• **Task**: Copy nothing from the entries below except the lines from the one containing "Soundweb London BLU-320 Signal Processor" through the one containing "13515 Portage Pl, Centreville, VA 20120-6401", and copy those exactly.

• **Information**:
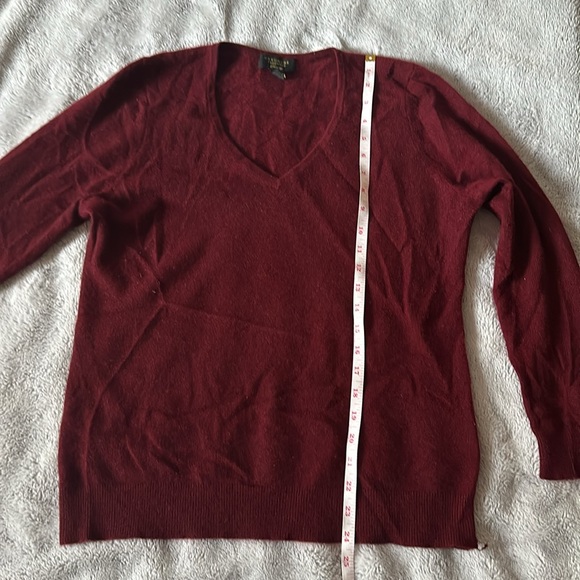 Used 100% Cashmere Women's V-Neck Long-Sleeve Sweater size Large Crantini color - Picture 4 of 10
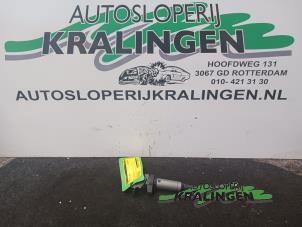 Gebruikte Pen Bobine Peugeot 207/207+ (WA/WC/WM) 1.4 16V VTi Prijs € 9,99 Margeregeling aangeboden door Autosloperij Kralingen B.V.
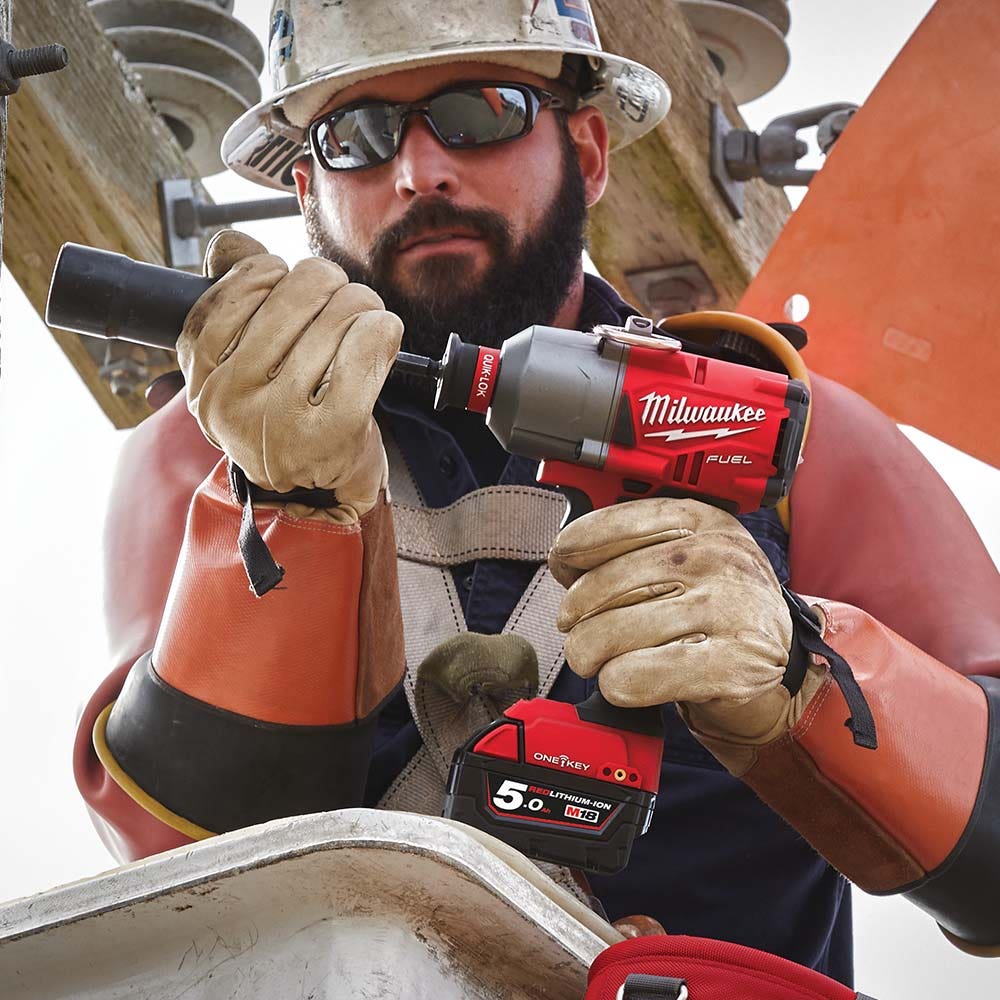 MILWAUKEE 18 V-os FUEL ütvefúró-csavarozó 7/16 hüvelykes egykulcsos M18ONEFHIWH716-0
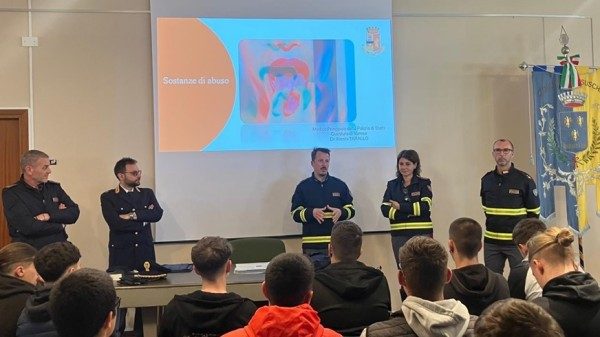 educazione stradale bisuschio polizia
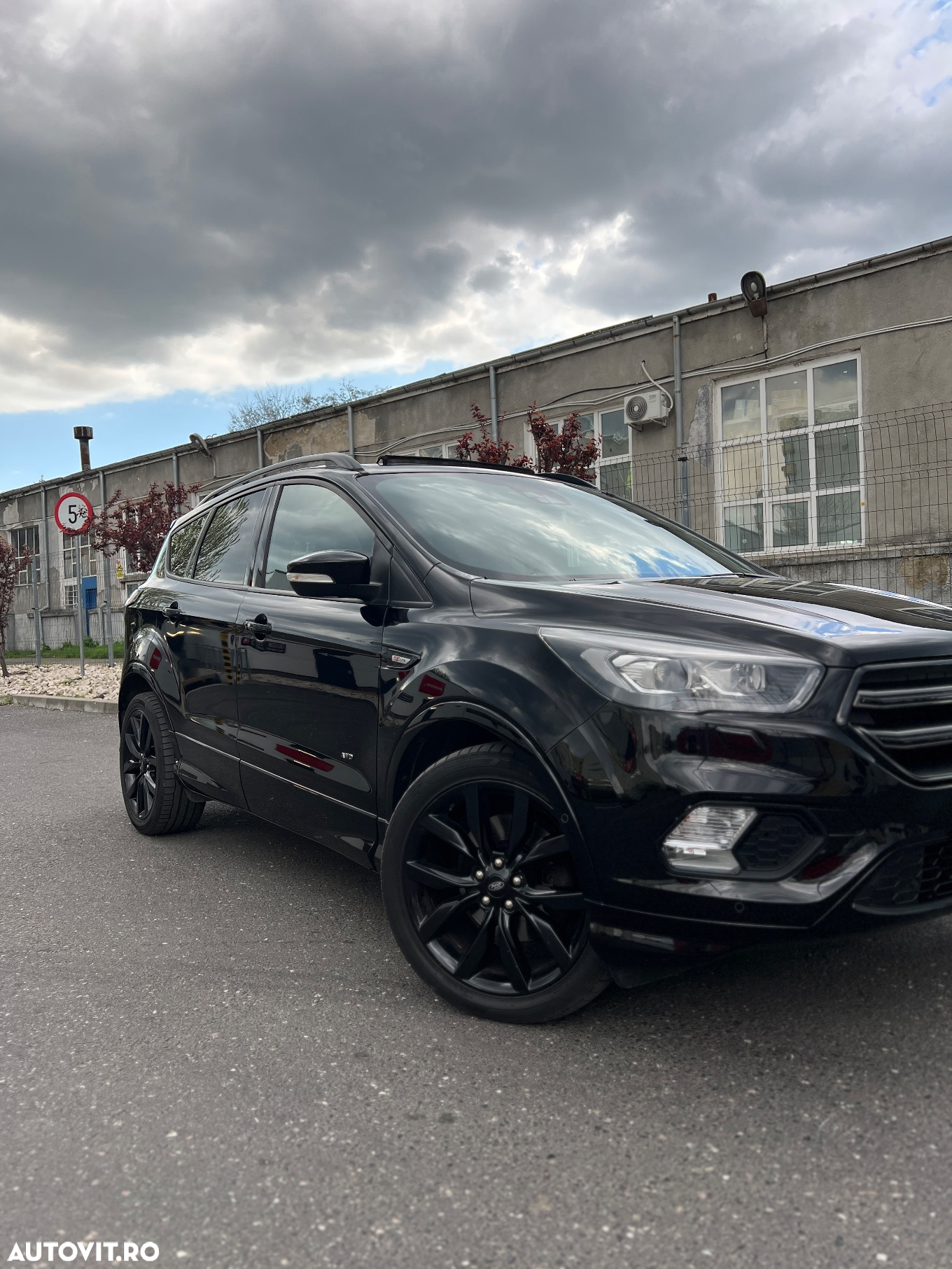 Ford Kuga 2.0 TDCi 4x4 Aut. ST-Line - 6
--
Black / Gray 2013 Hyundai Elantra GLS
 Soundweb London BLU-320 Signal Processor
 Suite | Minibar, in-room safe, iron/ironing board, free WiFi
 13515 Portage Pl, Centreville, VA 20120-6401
* * *
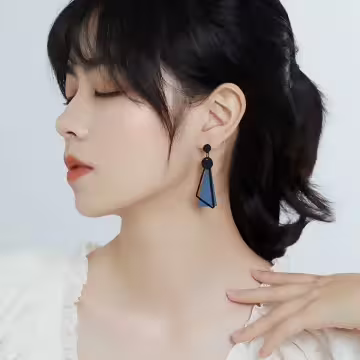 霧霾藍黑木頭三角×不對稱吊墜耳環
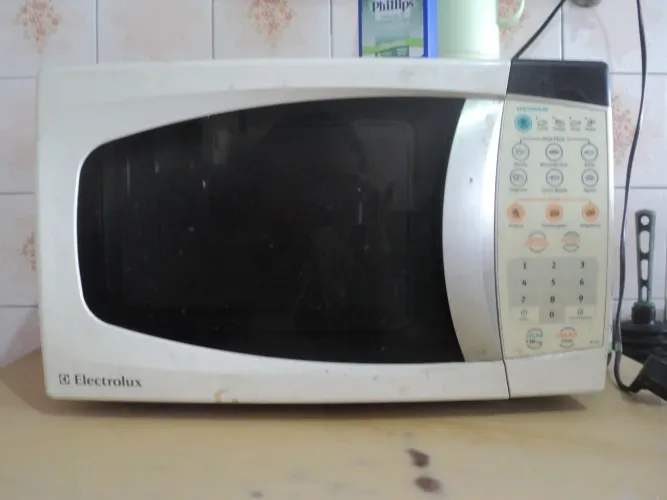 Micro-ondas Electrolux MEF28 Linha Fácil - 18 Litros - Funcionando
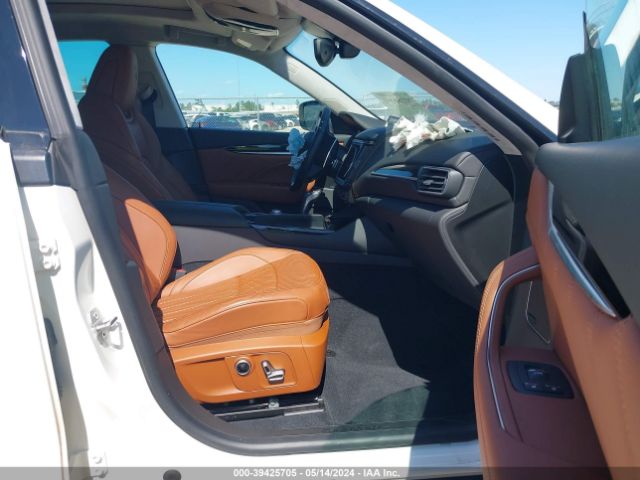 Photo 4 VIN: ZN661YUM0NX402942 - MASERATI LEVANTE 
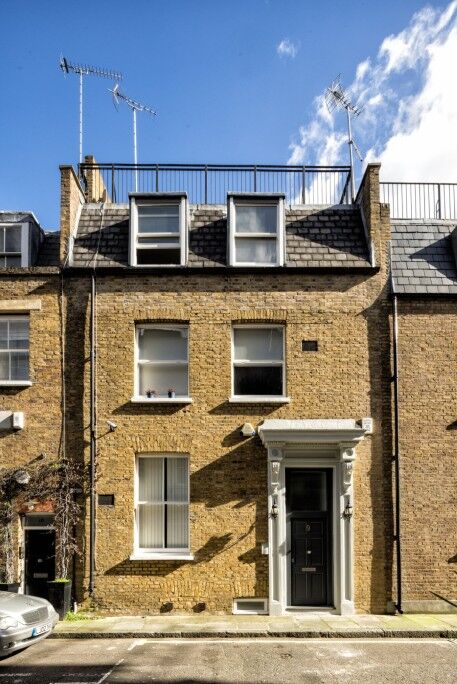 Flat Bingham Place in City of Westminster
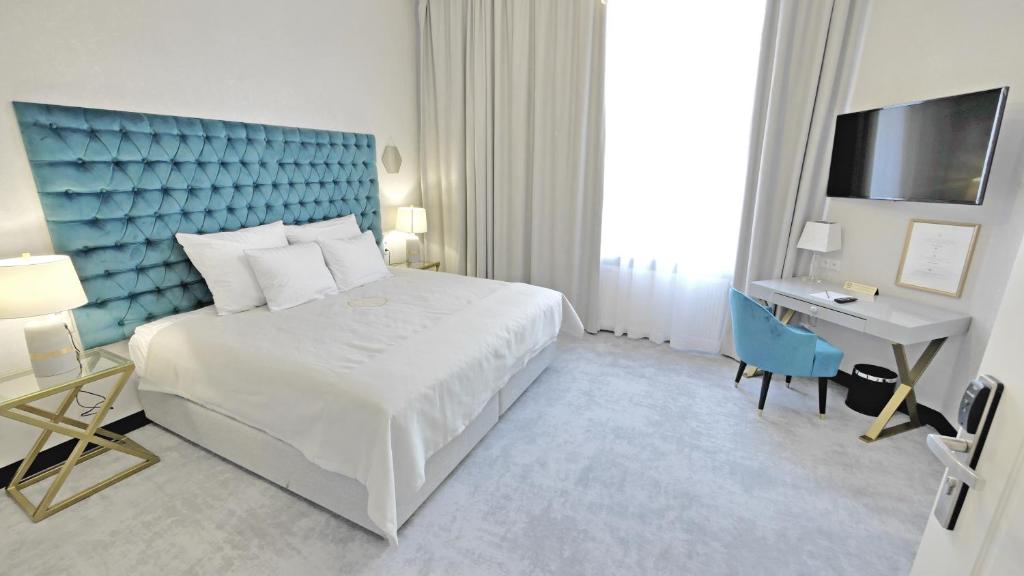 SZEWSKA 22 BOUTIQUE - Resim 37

• **Answer section**:
 Soundweb London BLU-320 Signal Processor
 Suite | Minibar, in-room safe, iron/ironing board, free WiFi
 13515 Portage Pl, Centreville, VA 20120-6401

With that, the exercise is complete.